- Directions for this task
Beginning with the line that holds "I'm going to run" and ending with the last line below, please copy every line exactly, add nothing, and leave out the pictures.

- Stored data
--*--

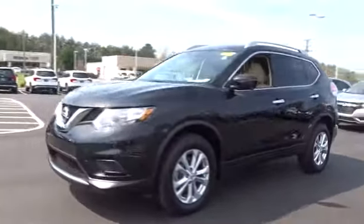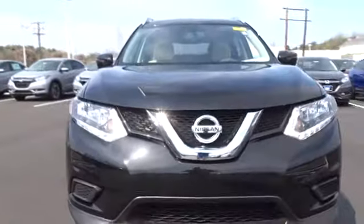This vehicle has less than 30,000 miles. Here are some of this vehicle's great options.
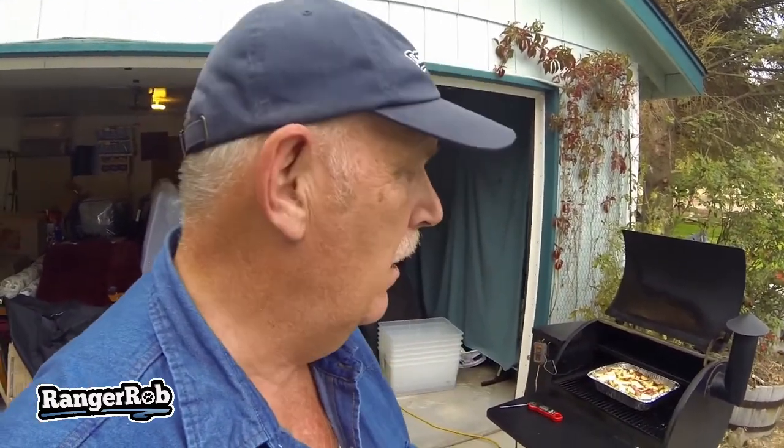I'm going to run this at about 275 degrees because potatoes take forever to cook. In about an hour I'm going to pull my chicken out and cook it next to the potatoes when these are almost done, and we're going to have a mighty fine meal today.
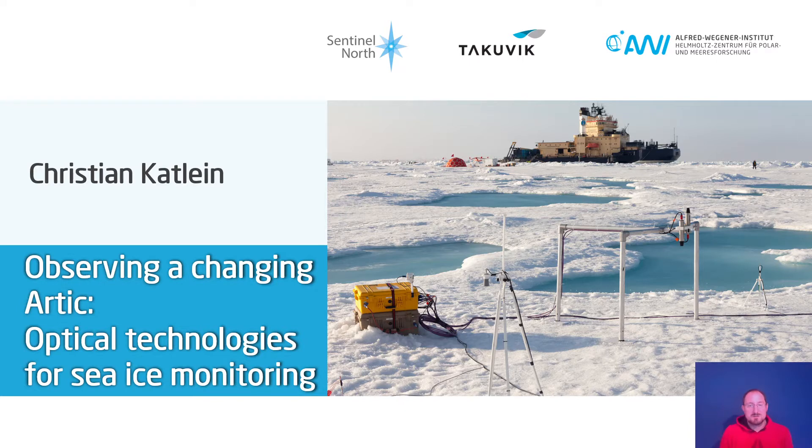Thank you very much for the invitation to give a talk here about observing the Arctic and optical technologies for sea ice, or CIS, Arctic monitoring. I'm going to talk about the work that I do at the Alfred Wegener Institute, but also together with colleagues like Marcel Babin at Takuvik, under the framework of Sentinel North. I first want to thank all these collaborators who have contributed to this work in recent years.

--*--

- Exercise answer
I'm going to run this at about 275 degrees because potatoes take forever to cook. In about an hour I'm going to pull my chicken out and cook it next to the potatoes when these are almost done, and we're going to have a mighty fine meal today.
Thank you very much for the invitation to give a talk here about observing the Arctic and optical technologies for sea ice, or CIS, Arctic monitoring. I'm going to talk about the work that I do at the Alfred Wegener Institute, but also together with colleagues like Marcel Babin at Takuvik, under the framework of Sentinel North. I first want to thank all these collaborators who have contributed to this work in recent years.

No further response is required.